Content starts
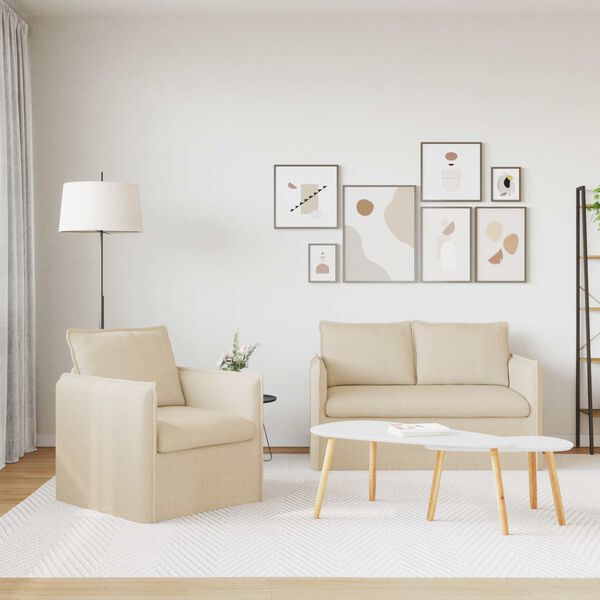 vidaXL Canap&eacute; 120cm 2 pcs Cr&egrave;me M&eacute;tал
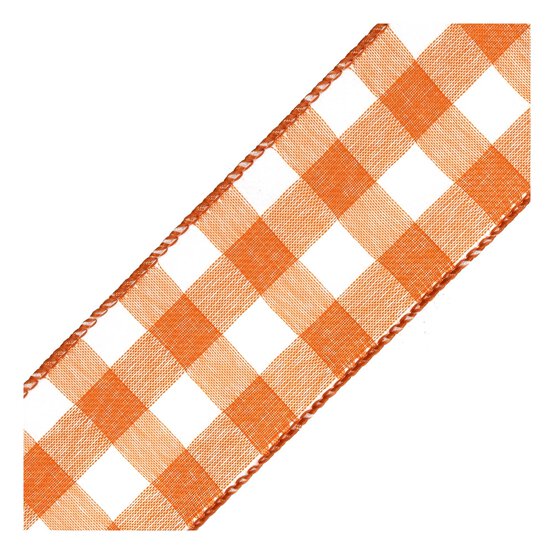 Orange Check Wire Edge Printed Ribbon 63mm x 3m image number 2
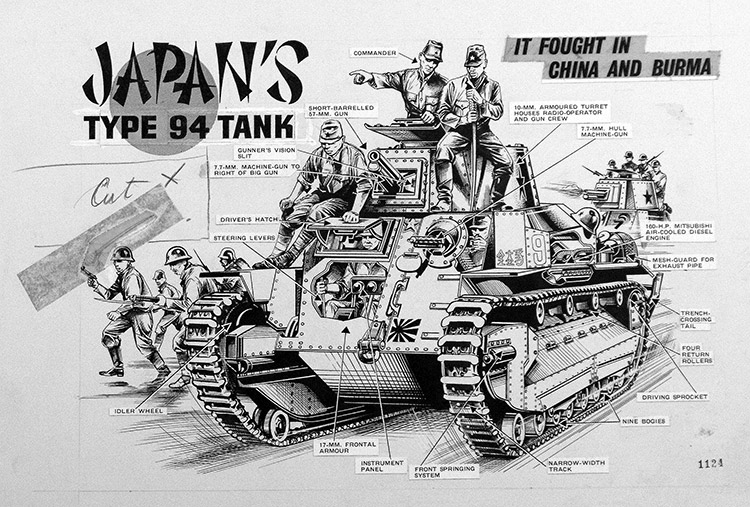 Japan Type 94 Tank (Original) by Peter Sarson at The Illustration Art Gallery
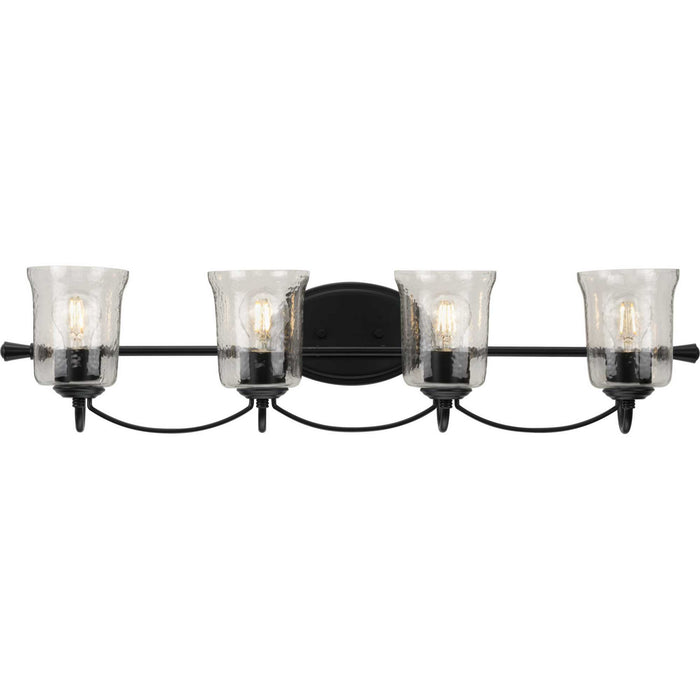 Progress Lighting P300256-031 Four Light Semi Flush Mount Convertible, Black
Content ends
WHAT IS NEEDED >>
Return the whole listing word for word. Pictures stay out of it.

SOLUTION BELOW >>
 vidaXL Canap&eacute; 120cm 2 pcs Cr&egrave;me M&eacute;tал
 Orange Check Wire Edge Printed Ribbon 63mm x 3m image number 2
 Japan Type 94 Tank (Original) by Peter Sarson at The Illustration Art Gallery
 Progress Lighting P300256-031 Four Light Semi Flush Mount Convertible, Black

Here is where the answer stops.